Web page caption snippets:
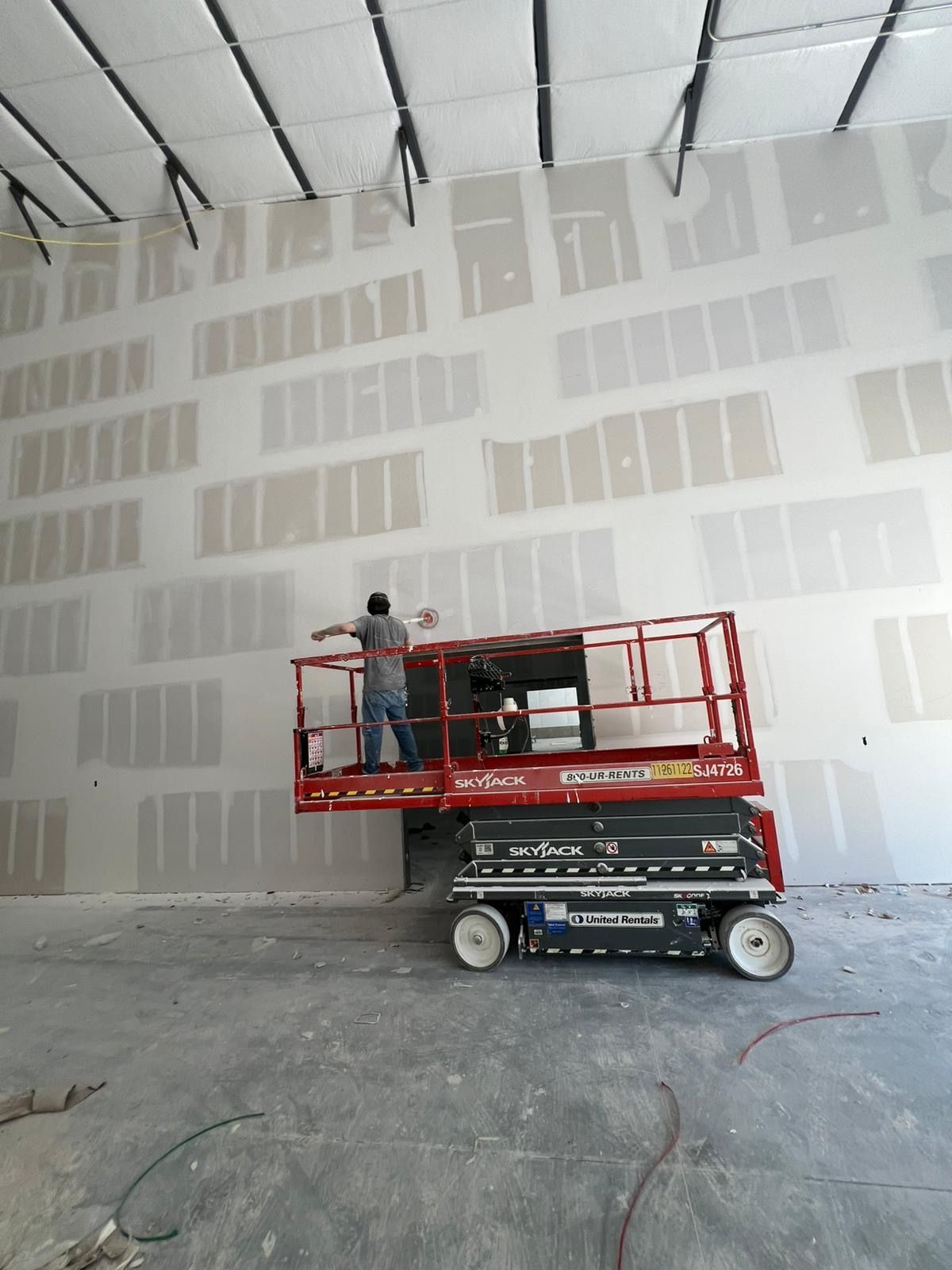 Worker on a red lift near a large drywall wall inside a construction site.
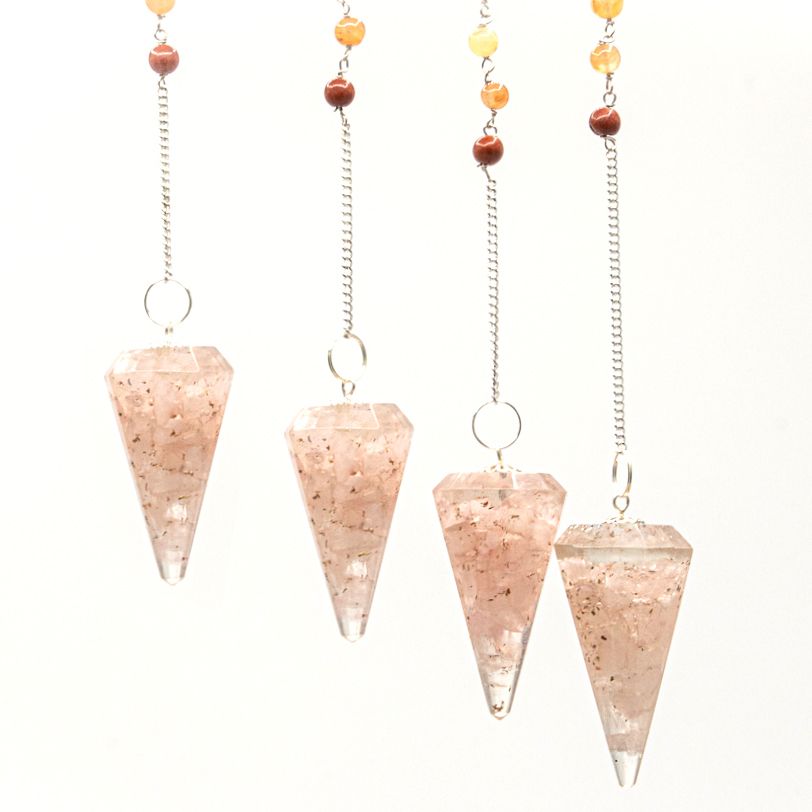 Set of four pink crystal cones with chains on a white background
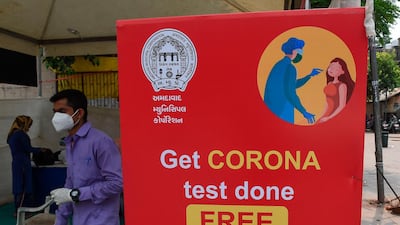 A man walks past a board from the Ahmedabad Municipal Corporation at a temporary Covid-19 testing centre in Ahmedabad. AFP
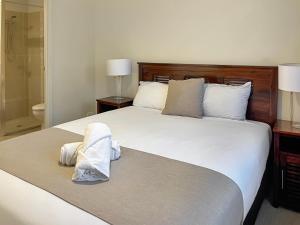 een slaapkamer met een groot wit bed en handdoeken bij Direct Collective - Villas on Rivergum in Emerald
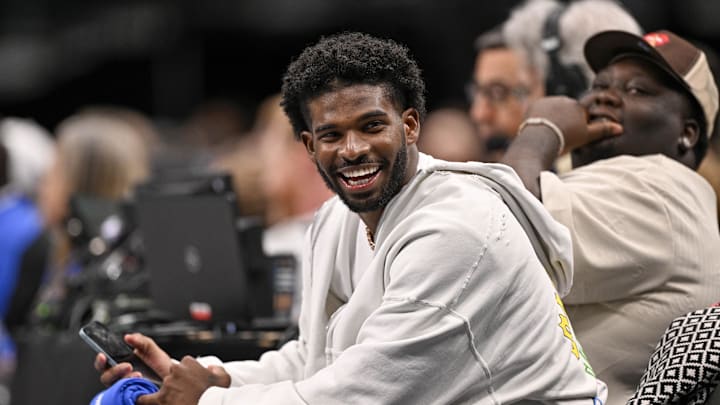 Jan 14, 2025; Dallas, Texas, USA; Colorado Buffaloes quarterback Shedeur Sanders laughs as he watches the game between the Dallas Mavericks and the Denver Nuggets during the second half at the American Airlines Center. Mandatory Credit: Jerome Miron-Imagn Images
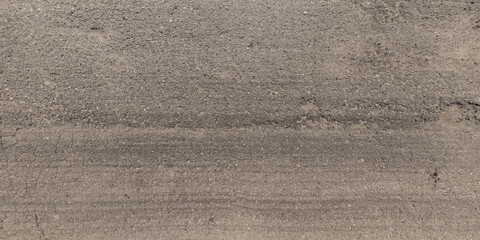 view from above on texture of asphalt road surface with cracks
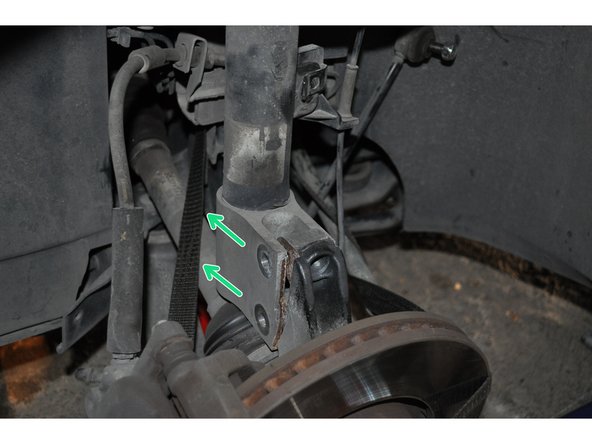 Déposer les vis et écarter le bas de l’amortisseur par rapport au moyeu.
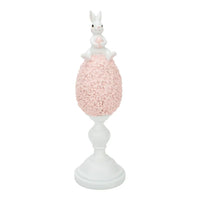 White bunny figurine holding pink egg, perched atop floral-textured pink egg on white pedestal base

#### [The task]
Once you find the line containing "Jan 14, 2025;", transcribe it and each line after it to the end of the records exactly, and leave out the pictures.

#### [Solution to the problem]
 Jan 14, 2025; Dallas, Texas, USA; Colorado Buffaloes quarterback Shedeur Sanders laughs as he watches the game between the Dallas Mavericks and the Denver Nuggets during the second half at the American Airlines Center. Mandatory Credit: Jerome Miron-Imagn Images
 view from above on texture of asphalt road surface with cracks
 Déposer les vis et écarter le bas de l’amortisseur par rapport au moyeu.
 White bunny figurine holding pink egg, perched atop floral-textured pink egg on white pedestal base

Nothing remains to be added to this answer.